The fix is the same setting mentioned above: switching your camera format to Most Compatible ensures your photos save as JPEGs (.jpg), which work everywhere. If you've already taken photos in HEIC format, you have a couple of options:
On your iPhone, when you AirDrop or email a photo to yourself or your designer, your phone may automatically convert it to JPEG. To make sure this happens, go to Settings → Photos → Transfer to Mac or PC and select Automatic.
If you need to convert HEIC files you already have, a free tool like iMazing HEIC Converter (Mac/Windows) or simply opening the file on a Mac and exporting it as a JPEG via Preview will do the job.
Shoot in good light
Light is the single biggest factor in photo quality. Bright, even natural light — near a window or outdoors on an overcast day — gives your camera the most information to work with. Low light forces the camera to compensate in ways that reduce sharpness and shrink your file size.

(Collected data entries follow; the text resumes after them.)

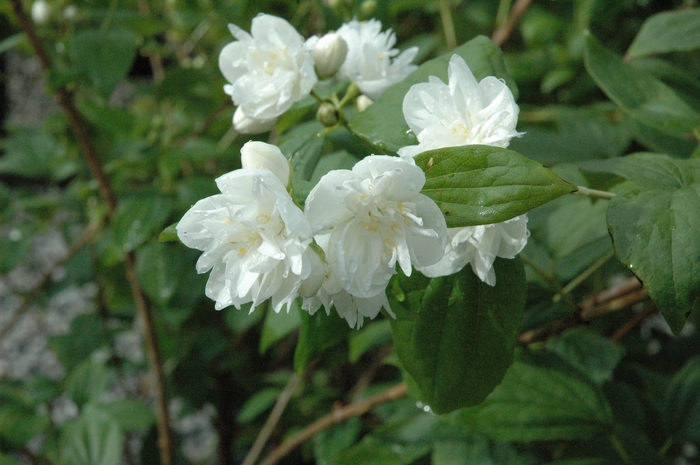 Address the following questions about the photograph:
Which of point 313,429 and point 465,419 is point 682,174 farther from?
point 313,429

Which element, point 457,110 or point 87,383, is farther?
point 87,383

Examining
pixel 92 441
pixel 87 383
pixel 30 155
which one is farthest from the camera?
pixel 30 155

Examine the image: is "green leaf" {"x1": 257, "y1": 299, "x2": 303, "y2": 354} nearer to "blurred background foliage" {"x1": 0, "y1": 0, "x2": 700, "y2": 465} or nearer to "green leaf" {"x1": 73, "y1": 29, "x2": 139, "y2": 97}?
"blurred background foliage" {"x1": 0, "y1": 0, "x2": 700, "y2": 465}

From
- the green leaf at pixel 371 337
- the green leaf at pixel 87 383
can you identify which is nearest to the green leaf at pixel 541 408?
the green leaf at pixel 371 337

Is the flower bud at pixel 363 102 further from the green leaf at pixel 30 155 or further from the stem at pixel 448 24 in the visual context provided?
the green leaf at pixel 30 155

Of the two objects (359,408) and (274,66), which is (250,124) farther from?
(359,408)

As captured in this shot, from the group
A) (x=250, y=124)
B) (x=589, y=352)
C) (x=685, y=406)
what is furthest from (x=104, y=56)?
(x=685, y=406)

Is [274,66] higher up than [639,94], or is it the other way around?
[274,66] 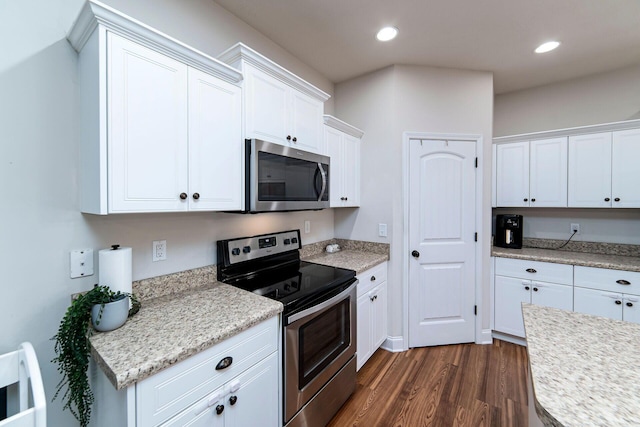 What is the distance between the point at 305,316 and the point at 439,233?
5.93 feet

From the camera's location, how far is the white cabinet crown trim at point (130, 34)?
1032 mm

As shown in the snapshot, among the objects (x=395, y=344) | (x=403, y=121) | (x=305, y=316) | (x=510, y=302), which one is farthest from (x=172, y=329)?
(x=510, y=302)

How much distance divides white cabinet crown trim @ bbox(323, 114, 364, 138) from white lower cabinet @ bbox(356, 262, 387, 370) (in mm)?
1351

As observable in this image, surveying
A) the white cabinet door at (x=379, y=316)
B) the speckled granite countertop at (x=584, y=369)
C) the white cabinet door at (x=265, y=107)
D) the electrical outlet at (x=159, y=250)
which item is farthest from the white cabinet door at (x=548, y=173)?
the electrical outlet at (x=159, y=250)

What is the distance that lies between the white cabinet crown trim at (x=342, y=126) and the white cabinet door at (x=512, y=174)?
5.53 feet

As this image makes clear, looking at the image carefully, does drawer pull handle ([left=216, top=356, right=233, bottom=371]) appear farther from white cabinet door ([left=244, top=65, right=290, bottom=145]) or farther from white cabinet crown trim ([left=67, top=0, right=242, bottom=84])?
white cabinet crown trim ([left=67, top=0, right=242, bottom=84])

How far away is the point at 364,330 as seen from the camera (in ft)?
7.36

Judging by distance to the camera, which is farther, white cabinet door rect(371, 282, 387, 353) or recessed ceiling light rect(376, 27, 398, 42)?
white cabinet door rect(371, 282, 387, 353)

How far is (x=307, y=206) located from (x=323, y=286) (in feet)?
2.04

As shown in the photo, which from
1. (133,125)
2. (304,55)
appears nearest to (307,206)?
(133,125)

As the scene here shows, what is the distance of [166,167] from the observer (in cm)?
126

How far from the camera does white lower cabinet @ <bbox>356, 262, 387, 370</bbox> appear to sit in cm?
219

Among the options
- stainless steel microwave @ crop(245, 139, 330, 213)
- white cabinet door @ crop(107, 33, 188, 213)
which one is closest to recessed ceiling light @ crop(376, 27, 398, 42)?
stainless steel microwave @ crop(245, 139, 330, 213)

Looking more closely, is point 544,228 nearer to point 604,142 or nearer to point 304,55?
point 604,142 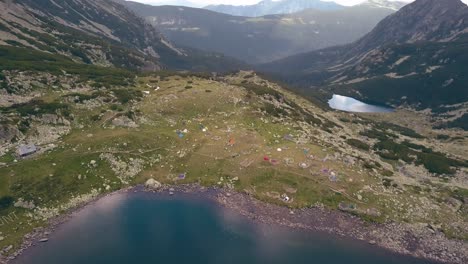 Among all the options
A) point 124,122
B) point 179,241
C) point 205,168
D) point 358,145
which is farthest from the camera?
point 358,145

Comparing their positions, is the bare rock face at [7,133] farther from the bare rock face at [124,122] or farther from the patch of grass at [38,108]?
the bare rock face at [124,122]

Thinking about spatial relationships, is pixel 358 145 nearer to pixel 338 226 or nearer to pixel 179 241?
pixel 338 226

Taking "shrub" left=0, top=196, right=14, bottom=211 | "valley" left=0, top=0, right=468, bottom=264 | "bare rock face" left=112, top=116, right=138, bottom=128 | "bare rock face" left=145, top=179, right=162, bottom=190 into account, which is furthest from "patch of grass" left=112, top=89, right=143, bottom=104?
"shrub" left=0, top=196, right=14, bottom=211

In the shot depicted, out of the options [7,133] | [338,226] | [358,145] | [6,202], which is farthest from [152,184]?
[358,145]

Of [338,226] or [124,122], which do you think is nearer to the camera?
[338,226]

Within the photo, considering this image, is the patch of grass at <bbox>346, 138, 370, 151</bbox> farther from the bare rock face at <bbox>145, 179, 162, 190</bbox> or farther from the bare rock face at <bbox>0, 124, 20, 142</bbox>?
the bare rock face at <bbox>0, 124, 20, 142</bbox> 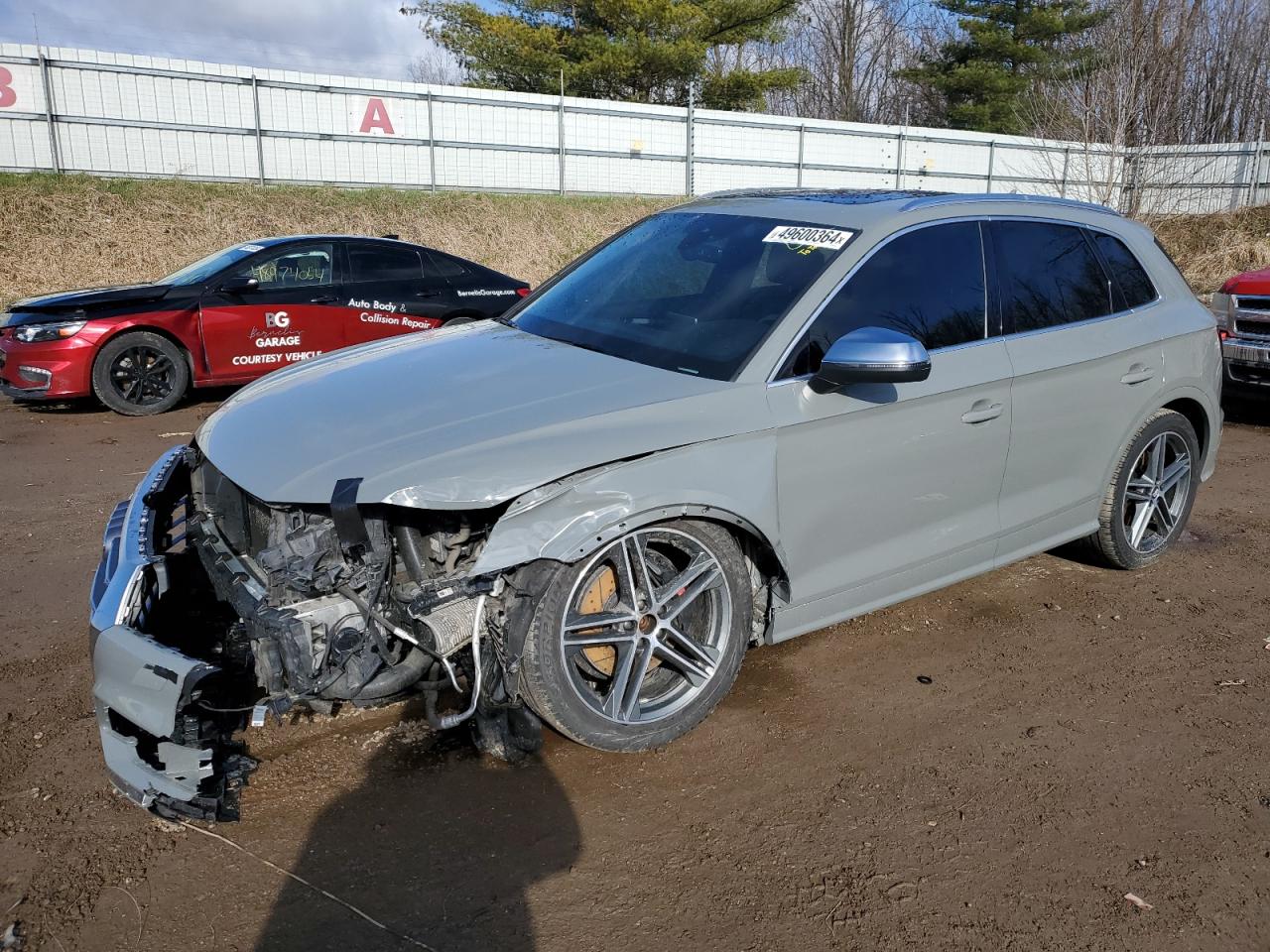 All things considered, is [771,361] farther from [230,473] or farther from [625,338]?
[230,473]

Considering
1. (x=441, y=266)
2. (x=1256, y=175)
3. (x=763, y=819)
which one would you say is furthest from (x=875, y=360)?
(x=1256, y=175)

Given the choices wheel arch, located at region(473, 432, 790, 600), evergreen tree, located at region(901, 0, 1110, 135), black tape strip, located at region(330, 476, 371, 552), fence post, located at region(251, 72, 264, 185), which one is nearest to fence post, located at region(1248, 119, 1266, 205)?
evergreen tree, located at region(901, 0, 1110, 135)

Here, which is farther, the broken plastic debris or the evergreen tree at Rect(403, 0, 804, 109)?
the evergreen tree at Rect(403, 0, 804, 109)

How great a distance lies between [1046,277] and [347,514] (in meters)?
3.13

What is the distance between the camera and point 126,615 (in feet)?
9.76

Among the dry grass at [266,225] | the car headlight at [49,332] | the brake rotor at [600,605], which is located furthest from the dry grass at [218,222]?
the brake rotor at [600,605]

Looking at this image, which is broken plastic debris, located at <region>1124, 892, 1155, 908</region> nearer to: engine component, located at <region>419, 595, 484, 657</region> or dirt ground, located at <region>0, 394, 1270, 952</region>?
dirt ground, located at <region>0, 394, 1270, 952</region>

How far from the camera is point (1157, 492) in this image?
200 inches

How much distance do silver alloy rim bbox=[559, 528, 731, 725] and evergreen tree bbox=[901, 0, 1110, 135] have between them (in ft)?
119

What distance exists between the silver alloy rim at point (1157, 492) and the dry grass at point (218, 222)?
49.3 feet

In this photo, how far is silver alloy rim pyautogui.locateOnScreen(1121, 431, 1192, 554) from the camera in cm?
500

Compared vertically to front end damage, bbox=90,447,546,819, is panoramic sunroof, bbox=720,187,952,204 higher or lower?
higher

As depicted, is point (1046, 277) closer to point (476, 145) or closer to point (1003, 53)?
point (476, 145)

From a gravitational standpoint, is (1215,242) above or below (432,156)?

Avoid shooting directly into sunlight or in rooms with harsh shadows. Soft, diffused light is your best friend.
A few things to avoid
Don't zoom in. Digital zoom (anything beyond your phone's optical lenses) crops the image and reduces the number of pixels. If you need to get closer, move your feet instead.
Don't use Portrait mode for photos intended for a website. It applies additional processing that can reduce file size and introduce artifacts around edges.
And give your lens a quick wipe before you shoot. A smudged lens softens every photo you take, no matter how good your settings are.
How to check your file size
After you take the photo, open it in your Photos app and tap the info icon (the small circle with an "i") at the bottom of the screen. You'll see the file size listed there. For most web projects, you want to see at least 2–3MB. Bigger is fine — your web designer can always resize down.
When in doubt, take more than one
Take several shots and send the largest file. It's much easier to work with an image that has too much information than one that doesn't have enough.